Provided information -
************
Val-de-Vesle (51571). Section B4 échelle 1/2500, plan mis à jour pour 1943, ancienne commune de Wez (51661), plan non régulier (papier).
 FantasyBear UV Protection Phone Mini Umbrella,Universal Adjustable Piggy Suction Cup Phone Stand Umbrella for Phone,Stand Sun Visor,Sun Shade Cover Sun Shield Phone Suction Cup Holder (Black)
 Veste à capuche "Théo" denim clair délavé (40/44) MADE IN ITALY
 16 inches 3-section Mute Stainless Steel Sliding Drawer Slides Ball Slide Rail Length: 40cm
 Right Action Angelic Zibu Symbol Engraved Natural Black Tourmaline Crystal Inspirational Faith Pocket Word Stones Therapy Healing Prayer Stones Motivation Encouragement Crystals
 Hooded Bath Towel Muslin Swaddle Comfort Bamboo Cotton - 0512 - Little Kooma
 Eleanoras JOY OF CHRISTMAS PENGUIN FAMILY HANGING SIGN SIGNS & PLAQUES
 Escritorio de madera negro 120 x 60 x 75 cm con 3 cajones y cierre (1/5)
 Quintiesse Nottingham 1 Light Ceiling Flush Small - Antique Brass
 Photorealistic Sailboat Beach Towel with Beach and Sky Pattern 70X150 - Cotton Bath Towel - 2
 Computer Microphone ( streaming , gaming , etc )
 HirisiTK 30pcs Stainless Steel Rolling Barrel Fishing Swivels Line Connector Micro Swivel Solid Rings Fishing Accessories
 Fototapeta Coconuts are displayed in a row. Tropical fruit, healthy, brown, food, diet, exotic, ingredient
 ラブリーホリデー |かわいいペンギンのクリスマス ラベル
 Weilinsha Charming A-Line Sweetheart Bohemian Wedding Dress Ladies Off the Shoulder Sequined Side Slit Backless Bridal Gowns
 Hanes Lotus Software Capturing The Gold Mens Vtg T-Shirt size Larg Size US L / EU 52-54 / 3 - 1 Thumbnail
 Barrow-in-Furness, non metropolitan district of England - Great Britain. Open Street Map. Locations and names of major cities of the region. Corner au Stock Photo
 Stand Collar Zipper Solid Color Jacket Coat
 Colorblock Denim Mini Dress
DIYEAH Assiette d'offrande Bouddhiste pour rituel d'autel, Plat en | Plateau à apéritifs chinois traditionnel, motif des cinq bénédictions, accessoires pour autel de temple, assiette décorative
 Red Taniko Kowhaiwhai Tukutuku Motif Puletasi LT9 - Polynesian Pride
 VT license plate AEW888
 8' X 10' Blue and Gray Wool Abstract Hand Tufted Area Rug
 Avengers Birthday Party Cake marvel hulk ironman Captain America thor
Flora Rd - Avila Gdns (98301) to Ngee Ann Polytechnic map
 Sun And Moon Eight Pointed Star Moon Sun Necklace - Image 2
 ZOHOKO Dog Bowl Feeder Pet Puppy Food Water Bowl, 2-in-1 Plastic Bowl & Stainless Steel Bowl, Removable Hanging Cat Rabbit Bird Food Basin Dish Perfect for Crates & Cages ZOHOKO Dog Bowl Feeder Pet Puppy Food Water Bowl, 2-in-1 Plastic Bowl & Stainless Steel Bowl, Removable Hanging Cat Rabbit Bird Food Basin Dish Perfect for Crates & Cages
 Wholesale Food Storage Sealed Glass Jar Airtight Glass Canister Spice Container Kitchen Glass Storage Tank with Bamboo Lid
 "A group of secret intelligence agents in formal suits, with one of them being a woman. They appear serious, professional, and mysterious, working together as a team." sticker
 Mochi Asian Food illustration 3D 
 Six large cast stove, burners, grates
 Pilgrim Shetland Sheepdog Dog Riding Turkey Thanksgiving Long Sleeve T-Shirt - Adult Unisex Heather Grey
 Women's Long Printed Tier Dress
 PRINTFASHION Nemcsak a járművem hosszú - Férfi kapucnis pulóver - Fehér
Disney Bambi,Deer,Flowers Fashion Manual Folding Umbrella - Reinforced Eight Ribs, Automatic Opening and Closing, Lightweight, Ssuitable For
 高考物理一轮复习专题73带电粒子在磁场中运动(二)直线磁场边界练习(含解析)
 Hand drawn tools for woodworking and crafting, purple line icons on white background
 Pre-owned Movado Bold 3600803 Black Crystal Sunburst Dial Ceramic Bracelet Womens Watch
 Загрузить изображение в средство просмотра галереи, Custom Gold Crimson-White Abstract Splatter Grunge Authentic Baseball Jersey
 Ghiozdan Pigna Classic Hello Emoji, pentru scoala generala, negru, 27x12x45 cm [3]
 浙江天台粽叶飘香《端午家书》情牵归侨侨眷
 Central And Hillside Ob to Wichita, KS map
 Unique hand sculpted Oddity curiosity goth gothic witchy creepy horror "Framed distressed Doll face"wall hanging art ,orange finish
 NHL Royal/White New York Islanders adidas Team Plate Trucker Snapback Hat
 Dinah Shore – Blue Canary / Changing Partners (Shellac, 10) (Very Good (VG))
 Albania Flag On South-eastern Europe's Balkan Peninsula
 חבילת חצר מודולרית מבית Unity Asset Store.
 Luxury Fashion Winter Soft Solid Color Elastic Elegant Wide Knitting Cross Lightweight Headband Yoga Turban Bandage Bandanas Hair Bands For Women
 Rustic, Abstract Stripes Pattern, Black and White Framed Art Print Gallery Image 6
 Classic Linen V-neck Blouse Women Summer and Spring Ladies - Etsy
************
Exercise aim - What is wanted is every line above, written out exactly.

Solution to this task -
Val-de-Vesle (51571). Section B4 échelle 1/2500, plan mis à jour pour 1943, ancienne commune de Wez (51661), plan non régulier (papier).
 FantasyBear UV Protection Phone Mini Umbrella,Universal Adjustable Piggy Suction Cup Phone Stand Umbrella for Phone,Stand Sun Visor,Sun Shade Cover Sun Shield Phone Suction Cup Holder (Black)
 Veste à capuche "Théo" denim clair délavé (40/44) MADE IN ITALY
 16 inches 3-section Mute Stainless Steel Sliding Drawer Slides Ball Slide Rail Length: 40cm
 Right Action Angelic Zibu Symbol Engraved Natural Black Tourmaline Crystal Inspirational Faith Pocket Word Stones Therapy Healing Prayer Stones Motivation Encouragement Crystals
 Hooded Bath Towel Muslin Swaddle Comfort Bamboo Cotton - 0512 - Little Kooma
 Eleanoras JOY OF CHRISTMAS PENGUIN FAMILY HANGING SIGN SIGNS & PLAQUES
 Escritorio de madera negro 120 x 60 x 75 cm con 3 cajones y cierre (1/5)
 Quintiesse Nottingham 1 Light Ceiling Flush Small - Antique Brass
 Photorealistic Sailboat Beach Towel with Beach and Sky Pattern 70X150 - Cotton Bath Towel - 2
 Computer Microphone ( streaming , gaming , etc )
 HirisiTK 30pcs Stainless Steel Rolling Barrel Fishing Swivels Line Connector Micro Swivel Solid Rings Fishing Accessories
 Fototapeta Coconuts are displayed in a row. Tropical fruit, healthy, brown, food, diet, exotic, ingredient
 ラブリーホリデー |かわいいペンギンのクリスマス ラベル
 Weilinsha Charming A-Line Sweetheart Bohemian Wedding Dress Ladies Off the Shoulder Sequined Side Slit Backless Bridal Gowns
 Hanes Lotus Software Capturing The Gold Mens Vtg T-Shirt size Larg Size US L / EU 52-54 / 3 - 1 Thumbnail
 Barrow-in-Furness, non metropolitan district of England - Great Britain. Open Street Map. Locations and names of major cities of the region. Corner au Stock Photo
 Stand Collar Zipper Solid Color Jacket Coat
 Colorblock Denim Mini Dress
DIYEAH Assiette d'offrande Bouddhiste pour rituel d'autel, Plat en | Plateau à apéritifs chinois traditionnel, motif des cinq bénédictions, accessoires pour autel de temple, assiette décorative
 Red Taniko Kowhaiwhai Tukutuku Motif Puletasi LT9 - Polynesian Pride
 VT license plate AEW888
 8' X 10' Blue and Gray Wool Abstract Hand Tufted Area Rug
 Avengers Birthday Party Cake marvel hulk ironman Captain America thor
Flora Rd - Avila Gdns (98301) to Ngee Ann Polytechnic map
 Sun And Moon Eight Pointed Star Moon Sun Necklace - Image 2
 ZOHOKO Dog Bowl Feeder Pet Puppy Food Water Bowl, 2-in-1 Plastic Bowl & Stainless Steel Bowl, Removable Hanging Cat Rabbit Bird Food Basin Dish Perfect for Crates & Cages ZOHOKO Dog Bowl Feeder Pet Puppy Food Water Bowl, 2-in-1 Plastic Bowl & Stainless Steel Bowl, Removable Hanging Cat Rabbit Bird Food Basin Dish Perfect for Crates & Cages
 Wholesale Food Storage Sealed Glass Jar Airtight Glass Canister Spice Container Kitchen Glass Storage Tank with Bamboo Lid
 "A group of secret intelligence agents in formal suits, with one of them being a woman. They appear serious, professional, and mysterious, working together as a team." sticker
 Mochi Asian Food illustration 3D 
 Six large cast stove, burners, grates
 Pilgrim Shetland Sheepdog Dog Riding Turkey Thanksgiving Long Sleeve T-Shirt - Adult Unisex Heather Grey
 Women's Long Printed Tier Dress
 PRINTFASHION Nemcsak a járművem hosszú - Férfi kapucnis pulóver - Fehér
Disney Bambi,Deer,Flowers Fashion Manual Folding Umbrella - Reinforced Eight Ribs, Automatic Opening and Closing, Lightweight, Ssuitable For
 高考物理一轮复习专题73带电粒子在磁场中运动(二)直线磁场边界练习(含解析)
 Hand drawn tools for woodworking and crafting, purple line icons on white background
 Pre-owned Movado Bold 3600803 Black Crystal Sunburst Dial Ceramic Bracelet Womens Watch
 Загрузить изображение в средство просмотра галереи, Custom Gold Crimson-White Abstract Splatter Grunge Authentic Baseball Jersey
 Ghiozdan Pigna Classic Hello Emoji, pentru scoala generala, negru, 27x12x45 cm [3]
 浙江天台粽叶飘香《端午家书》情牵归侨侨眷
 Central And Hillside Ob to Wichita, KS map
 Unique hand sculpted Oddity curiosity goth gothic witchy creepy horror "Framed distressed Doll face"wall hanging art ,orange finish
 NHL Royal/White New York Islanders adidas Team Plate Trucker Snapback Hat
 Dinah Shore – Blue Canary / Changing Partners (Shellac, 10) (Very Good (VG))
 Albania Flag On South-eastern Europe's Balkan Peninsula
 חבילת חצר מודולרית מבית Unity Asset Store.
 Luxury Fashion Winter Soft Solid Color Elastic Elegant Wide Knitting Cross Lightweight Headband Yoga Turban Bandage Bandanas Hair Bands For Women
 Rustic, Abstract Stripes Pattern, Black and White Framed Art Print Gallery Image 6
 Classic Linen V-neck Blouse Women Summer and Spring Ladies - Etsy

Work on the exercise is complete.